Sunday 31 August 2025 • 1 min read
etch restaurant sign

The final resto on Ben’s whistle-stop tour leads him to England’s south coast and Hove’s thriving food scene.

If you walked to the end of the pier, past the gaudy new amusements, past the teacups and waltzers run by men called Dave with their slicked-back hair and mermaid tattoos, you came to a smaller penny arcade that housed Brighton’s seaside Victoriana. What the Butler Saw dioramas that offered a flash of ankle to generations of disappointed teens sat beside brightly painted horses locked forever in a two-dimensional Kentucky Derby against time and modernity. My favourite was the fortune teller. She would slowly raise her mechanical head and glow mysteriously. A shuddery wave of mannequin hand and out popped a card with suitably momentous news. It cost one large brass penny you collected at the door but afforded countless, priceless childhood memories.

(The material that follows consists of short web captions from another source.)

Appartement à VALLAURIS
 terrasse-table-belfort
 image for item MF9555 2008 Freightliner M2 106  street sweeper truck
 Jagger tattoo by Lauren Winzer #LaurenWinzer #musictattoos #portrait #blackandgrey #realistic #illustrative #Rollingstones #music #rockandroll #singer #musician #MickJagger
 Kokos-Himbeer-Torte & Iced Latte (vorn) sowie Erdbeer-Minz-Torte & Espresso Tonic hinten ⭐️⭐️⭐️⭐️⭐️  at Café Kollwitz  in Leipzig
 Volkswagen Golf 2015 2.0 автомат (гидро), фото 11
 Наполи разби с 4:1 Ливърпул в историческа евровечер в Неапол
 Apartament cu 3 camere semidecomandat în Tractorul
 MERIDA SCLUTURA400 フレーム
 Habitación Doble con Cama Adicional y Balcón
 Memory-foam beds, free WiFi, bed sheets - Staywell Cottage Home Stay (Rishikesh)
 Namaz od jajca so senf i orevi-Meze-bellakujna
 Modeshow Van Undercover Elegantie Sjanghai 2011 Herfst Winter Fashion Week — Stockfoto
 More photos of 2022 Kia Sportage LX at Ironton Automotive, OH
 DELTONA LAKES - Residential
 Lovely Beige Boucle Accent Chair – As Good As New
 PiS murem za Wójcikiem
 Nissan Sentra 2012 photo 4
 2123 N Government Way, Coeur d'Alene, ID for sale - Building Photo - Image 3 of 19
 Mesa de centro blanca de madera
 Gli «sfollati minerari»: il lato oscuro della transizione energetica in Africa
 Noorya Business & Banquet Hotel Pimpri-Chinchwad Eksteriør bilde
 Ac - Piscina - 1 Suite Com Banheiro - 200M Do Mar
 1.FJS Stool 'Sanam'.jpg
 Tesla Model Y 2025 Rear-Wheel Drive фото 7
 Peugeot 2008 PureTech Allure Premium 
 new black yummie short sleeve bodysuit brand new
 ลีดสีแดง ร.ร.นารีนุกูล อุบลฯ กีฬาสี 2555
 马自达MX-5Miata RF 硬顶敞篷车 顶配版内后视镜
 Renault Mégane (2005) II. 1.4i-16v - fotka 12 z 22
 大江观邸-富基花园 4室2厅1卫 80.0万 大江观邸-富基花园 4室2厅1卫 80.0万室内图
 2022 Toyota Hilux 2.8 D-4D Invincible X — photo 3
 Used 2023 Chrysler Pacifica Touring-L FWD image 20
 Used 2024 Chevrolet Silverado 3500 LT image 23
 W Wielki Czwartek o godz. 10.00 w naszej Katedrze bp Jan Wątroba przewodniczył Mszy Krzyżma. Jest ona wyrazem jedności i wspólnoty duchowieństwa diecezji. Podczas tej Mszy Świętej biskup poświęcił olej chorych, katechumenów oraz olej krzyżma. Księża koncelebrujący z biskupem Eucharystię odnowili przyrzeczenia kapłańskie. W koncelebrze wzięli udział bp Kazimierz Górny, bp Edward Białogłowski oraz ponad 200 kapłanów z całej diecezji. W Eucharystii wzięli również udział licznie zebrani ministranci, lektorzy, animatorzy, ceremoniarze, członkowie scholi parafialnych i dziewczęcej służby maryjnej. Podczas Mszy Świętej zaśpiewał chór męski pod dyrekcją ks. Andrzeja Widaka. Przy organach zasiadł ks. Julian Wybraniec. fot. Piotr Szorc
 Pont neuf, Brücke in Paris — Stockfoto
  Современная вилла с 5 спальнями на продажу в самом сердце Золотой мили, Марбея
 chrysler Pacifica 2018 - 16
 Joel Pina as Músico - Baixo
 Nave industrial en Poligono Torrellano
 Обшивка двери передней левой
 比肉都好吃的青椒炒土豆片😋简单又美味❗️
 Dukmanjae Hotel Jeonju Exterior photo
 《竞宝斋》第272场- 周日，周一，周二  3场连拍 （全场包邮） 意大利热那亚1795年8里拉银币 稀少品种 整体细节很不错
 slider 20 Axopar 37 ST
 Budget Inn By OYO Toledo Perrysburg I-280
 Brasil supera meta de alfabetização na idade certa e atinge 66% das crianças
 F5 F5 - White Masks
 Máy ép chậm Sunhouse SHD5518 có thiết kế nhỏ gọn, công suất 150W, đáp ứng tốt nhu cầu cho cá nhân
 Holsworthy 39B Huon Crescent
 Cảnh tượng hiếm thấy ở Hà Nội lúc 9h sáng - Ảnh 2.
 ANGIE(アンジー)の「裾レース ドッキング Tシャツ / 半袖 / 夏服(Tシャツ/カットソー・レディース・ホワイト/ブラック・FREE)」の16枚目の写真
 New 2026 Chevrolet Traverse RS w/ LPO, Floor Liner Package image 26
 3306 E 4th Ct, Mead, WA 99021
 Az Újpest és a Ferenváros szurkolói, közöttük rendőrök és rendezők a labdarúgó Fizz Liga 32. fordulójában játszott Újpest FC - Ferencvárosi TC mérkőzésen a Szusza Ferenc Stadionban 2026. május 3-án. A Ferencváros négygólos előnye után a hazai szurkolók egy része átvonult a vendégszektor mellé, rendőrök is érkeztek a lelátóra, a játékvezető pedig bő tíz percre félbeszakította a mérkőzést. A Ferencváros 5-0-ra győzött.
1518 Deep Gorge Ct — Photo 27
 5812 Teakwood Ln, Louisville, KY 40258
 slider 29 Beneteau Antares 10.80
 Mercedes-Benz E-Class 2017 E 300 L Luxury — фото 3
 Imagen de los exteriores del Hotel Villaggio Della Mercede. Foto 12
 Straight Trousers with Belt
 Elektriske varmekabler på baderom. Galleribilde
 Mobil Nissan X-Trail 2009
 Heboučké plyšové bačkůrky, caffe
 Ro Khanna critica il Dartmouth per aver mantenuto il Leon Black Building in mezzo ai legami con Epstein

What Madame Zita couldn’t foresee as she stared blindly out over the soggy fish n chips and tinned-tomato breakfasts of the hinterland was that Brighton and Hove, conjoined since 1997, would soon become a serious food destination. And Hove, always the less showy-offy of the twins, steals its fair share of the limelight: I share Nick’s enthusiasm for Wild Flor, and there’s Fourth and Church, eclectic Palmito, The Little Fish Market and The Urchin (seafood fanatics with a microbrewery) as well.

Sam Weatherill sommelier and restaurant manager at etch
Sam Weatherill, sommelier and restaurant manager at etch (credit: Justin de Souza)

I’d been meaning to point my seaside socks n sandals towards etch (styled in all lower-case letters) for some time, a gentle stroll becoming an energetic flip-flop with the news that Sam Weatherill, restaurant manager and sommelier, had just added to his list of awards with an impressive #19 in the Taylor’s Port Top 100 Sommeliers list of UK talent. The restaurant is owned and run by Steven Edwards who, some will remember, won the sixth series of MasterChef: The Professionals in 2013. Since then, AA rosettes (3) and Michelin plaudits have come aplenty, with head chef George Boarer, spinning the pans since it opened in 2017, featured prominently in this year’s National Chef of the Year competition.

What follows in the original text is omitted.